Este tipo de disputa se complica pues hay intereses de otros países los cuales quieren sacar un dividendo, sea este económico, religioso o político como en el caso de Irán, el Líbano, y otras naciones árabes que justamente no buscan el bienestar de los palestinos y el reconocimiento de una Palestina libre, aunque ellos proclamen a todos los vientos el fervor islámico que los une.

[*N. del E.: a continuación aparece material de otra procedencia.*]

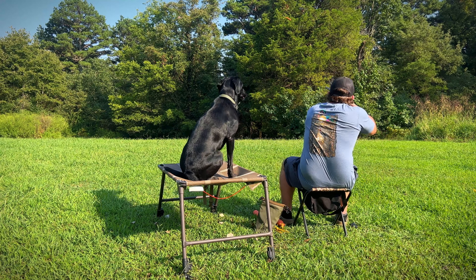Sit. Twice. Rally. Twice. Dead bird. Back.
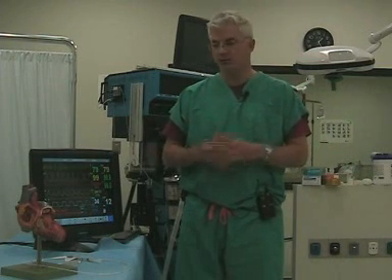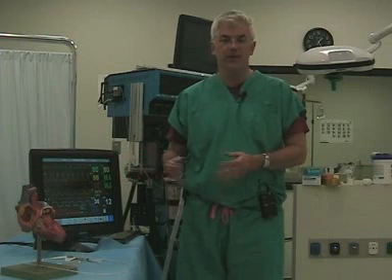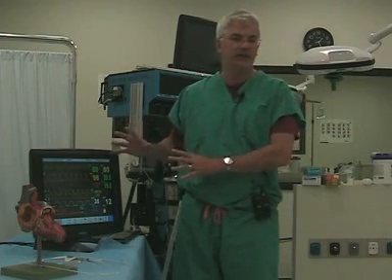Today we're going to talk about what the Swan numbers mean. If you're on the cardiac rotation, you're sure to be using Swans, and it's a good idea to know exactly what the numbers mean. This video is going to explain how we work in a practical way with the numbers that the Swan gives us.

Justamente Chávez y esos gobernantes aprovechados nunca expresaron un pedido de alto el fuego para los cohetes que Hamás disparaba sobre Israel matando únicamente a civiles indefensos en aras de su “venganza” contra los judíos. ¿Es que los muertos del lado israelí no son muertos también? ¿O solo los palestinos tienen familias y niños por quién llorar?
Estos comedores de carroña no solo hablan sino que hasta se colocan sobre los hombros el chal que identifica a los musulmanes palestinos para hacer ver la profunda identificación que tienen, más que por su religión, por su ideología del terror. Es por ello que un Chávez “palestinizado” y con ínfulas totalitarias llama a todos los países latinoamericanos para que sigan su ejemplo y expulsen al embajador israelí sin mirar el atropello que esto significa. ¿La conducta de este dictadorzuelo es un ataque de locura? ¡No!. Es la forma que él cree le puede traer vientos favorables para su salvación, la que a ojos vista muestra que se le está acabando el apoyo de sus rojo- rojitos partidarios.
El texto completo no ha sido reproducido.